Pero aquí no quiero relatarte de la manera universal en que te emociona cualquier viaje, donde bellos paisajes o grandes realizaciones del genio humano te impactan; sino que, deseo compartir algo maravilloso que puedes experimentar en ese desierto albo que por bondad de los dioses tenemos la dicha de poseer los bolivianos de este lado de las montañas. Existe una hora mágica en el Salar de Thunhupa, cuando cae el sol y se levanta la luna, que debes presenciar alguna vez en tu vida. La fantasía se entroniza y al conjuro de luces contrapuestas la atmósfera se llena de brillos rosáceos y azulinos y se gesta un espacio irreal donde respiras otro aire, hueles otros aromas sutiles y vives “en vida” la experiencia de una realidad totalmente unificada en tu alma. Es la hora en que el Salar se carga de energías sublimes. En esos inenarrables minutos levitas en un no-antropocentrismo, donde tu Ser y Estar comienzan a fluir y sientes, aún con vida, experiencias que te esperan más allá de tu existencia. Imagínate semejante regalo divino. Imagínate tamaña dicha y júbilo entregados a un mortal: en esa “noche diurna” o si prefieres en ese “día de nocturnidad” te reúnes contigo y con la totalidad, en un aura fosforescente e infinita.

Los andinos tenemos la dicha de vivir esta experiencia maravillosa donde el imponente silencio y la magnifica soledad acompañan a esa atmósfera divina y eternal. Por unos instantes, sientes a la muerte en vida. Enorme experiencia sólo destinada a los dioses que es brindada generosamente por nuestra naturaleza a los indignos mortales; una rarísima excepción: nos cedieron una inmensa puerta sensorial para traspasarla y vivir dentro la alegría por lo que ves y sentir la amarga impotencia a que te somete el vacío. Tras el umbral, el aire esta cargado de presencias y de extraños sentimientos de haber estado ahí. Por tan brutal experiencia, debes buscar desesperadamente tus coordenadas espirituales para gozar del espacio multidimensional como experiencia real. Es la hora mágica en que el sol se va a descansar por un tajante perfil negro augurando el ciclo y, por otro lado, una luna llena se alza altiva en un horizonte oriental teñido de rosado carmesí. Ahí, en el espacio sin límites ni tiempos, se reúnen el dios sol y su consorte luna, el día y la noche, el ocaso y el naciente, el hombre y la mujer. Suspendido en la nada que por primera vez se te manifiesta, te rindes ante la evidencia de premoniciones y sospechas. Agobiado percibes que tus antepasados descansan ahí; entierras en los pentágonos de sal a tu ego y gozas de ese levitar en la muerte. Bajo esa fosforescencia indescriptible, no puedes reconocer a la atmósfera que te rodea, de pronto se torno celestial plena de luminosidades y brillos inefables, de colores sutiles y etéreos; estas por fin, en un inmenso paraíso multidimensional. Debes caminar por unos minutos hacia la luna, levitar de la tierra y entrar por esa puerta. Comenzarás a despreciar tu cuerpo y a tu vestimenta, tan torpes y tan vulgares; tan indignos de estar ahí. Ver, bajo esa fantástica aureola, a los homúnculos que te acompañan es como mirar sombras negruzcas que rebosan inexplicablemente de soberbia y petulancia.
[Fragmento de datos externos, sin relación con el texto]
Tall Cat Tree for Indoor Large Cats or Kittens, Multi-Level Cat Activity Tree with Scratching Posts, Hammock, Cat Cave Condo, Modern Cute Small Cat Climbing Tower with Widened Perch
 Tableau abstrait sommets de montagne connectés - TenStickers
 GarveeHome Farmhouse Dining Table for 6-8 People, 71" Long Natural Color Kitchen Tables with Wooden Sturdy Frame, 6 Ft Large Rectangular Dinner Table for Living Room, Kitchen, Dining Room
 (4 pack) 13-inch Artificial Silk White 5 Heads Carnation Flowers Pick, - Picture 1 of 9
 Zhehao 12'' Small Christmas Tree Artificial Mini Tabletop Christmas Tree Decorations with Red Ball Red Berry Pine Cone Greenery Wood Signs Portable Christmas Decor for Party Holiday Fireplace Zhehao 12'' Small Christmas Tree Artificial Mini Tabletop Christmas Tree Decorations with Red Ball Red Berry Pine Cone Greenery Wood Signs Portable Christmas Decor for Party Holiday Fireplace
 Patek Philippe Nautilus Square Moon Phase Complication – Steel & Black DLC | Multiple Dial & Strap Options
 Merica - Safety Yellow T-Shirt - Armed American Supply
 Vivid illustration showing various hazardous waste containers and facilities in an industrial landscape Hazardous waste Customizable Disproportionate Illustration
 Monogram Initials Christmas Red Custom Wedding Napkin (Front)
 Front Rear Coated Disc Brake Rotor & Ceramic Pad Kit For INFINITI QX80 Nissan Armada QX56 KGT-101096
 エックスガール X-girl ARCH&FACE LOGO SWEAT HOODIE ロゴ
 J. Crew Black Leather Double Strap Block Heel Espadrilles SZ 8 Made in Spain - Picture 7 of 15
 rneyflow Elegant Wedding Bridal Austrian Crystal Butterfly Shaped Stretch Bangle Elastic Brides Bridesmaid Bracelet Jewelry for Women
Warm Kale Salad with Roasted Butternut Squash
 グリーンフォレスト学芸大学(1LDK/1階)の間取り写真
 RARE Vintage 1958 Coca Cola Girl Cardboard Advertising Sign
Ahí pensé en nuestros múltiples mitos y me regocijé con mi postura pagana. Con ese acto de sanación de la hora mágica, comencé a imaginar una breve historia que comenzaría así: “Dicen los viejos que cuando alguien muere su alma vuela dichosa por los aires que soplan en las montañas y cae vertiginosa en el Salar de Thunhupa para transformarse en partículas mellizas de sal y leche,…de tantos viajes y gestaciones se cubrió el desierto blanco más grande y bello del planeta…”. Y esta breve historia continuaría insistiendo en que el cielo y la tierra son una unidad y que están aquí contigo unificados eternamente y que por ello, no esperes bendición alguna y menos del mortal entronizado, a cambio de tu alma. La naturaleza sana, y si me crees ve al Salar de Thunhupa en luna llena y espera la señal cuando los dioses se miran y te permiten entrar en esa dimensión sublime.

Ese instante, por gloria de nuestra Pachamama, no estas en la tierra y tienes la certeza que la muerte no es el fin sino el inicio de ser partícula de leche y sal. Sientes que descansarás en el pentágono que te corresponda, en la plenitud y el júbilo del espacio de los espacios, donde Thunhupa te cuidará por siempre.